今年は先ごろON AIRした山岸潤史とのアコースティックなデュオアルバムを作ったこともあるのですが、最近は個人的にはダウンホームなブルーズに興味が向かっているのと同時に戦前の弾き語りブルーズをよく聞くようになってきました。昔から聴いてはいるんですがそういう古いブルーズの味わいがよりわかるようになってきた感じです。
今年最後のON AIR曲はT.ボーン・ウォーカーが1943年にヒットさせたブルーズの名曲
「一人で生きていくには辛い世の中だ。愛した女は他の男を愛している。辛い気持ちを知られたくないから笑って、悲しみから逃れるために酒を飲むんや。いつの日か俺も6フィート土の下の墓の中や。耐えられない奴隷になった気持ちや」
人生の深いところを端的な歌詞にして歌った素晴らしいブルーズです

4.Mean Old World/T.Bone Walker

今年もこの番組を聞いてくださってありがとうございます。
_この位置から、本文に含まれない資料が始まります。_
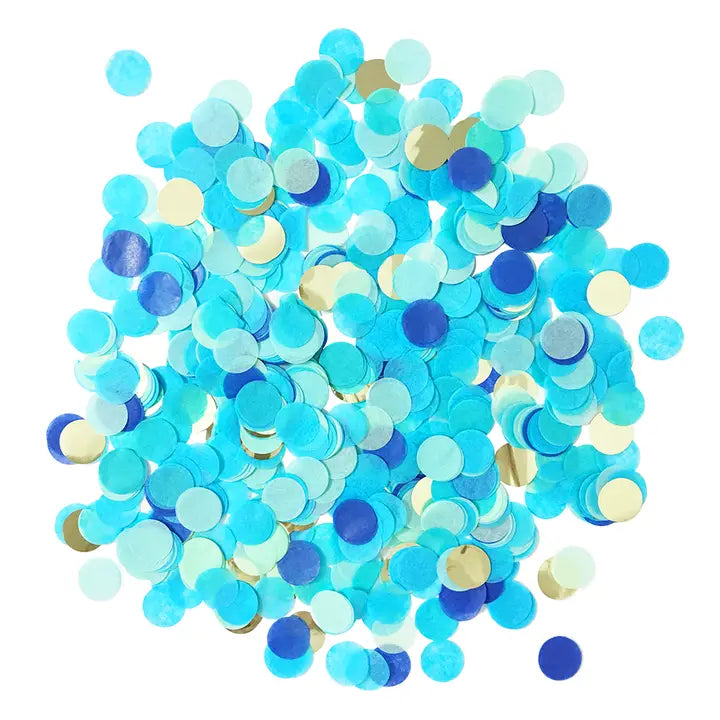 Blue and gold confetti for gender reveal celebration from Parte Haus party supply store in Bethesda MD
バックアップしてくださっている青南商事さんにいつも感謝です。それからキー局のアップルウェーブ始めネット各局のスタッフの皆さん、そして何より聞いてくださっているみなさん、ありがとうございます。
もし、機会があればたくさんの方にこの番組のことを知らせてください。そして番組のHPに掲載している文章は僕が自ら書いたもので自分のブルーズに関する大きなアーカイヴスの一つです。この番組に自分がブルーズと生きてきたこと、ブルーズから得たことをこれからも発信していきます。でもまあ気楽に聞いてください。
では良いお年を。HeyHey The Blues Is Alright!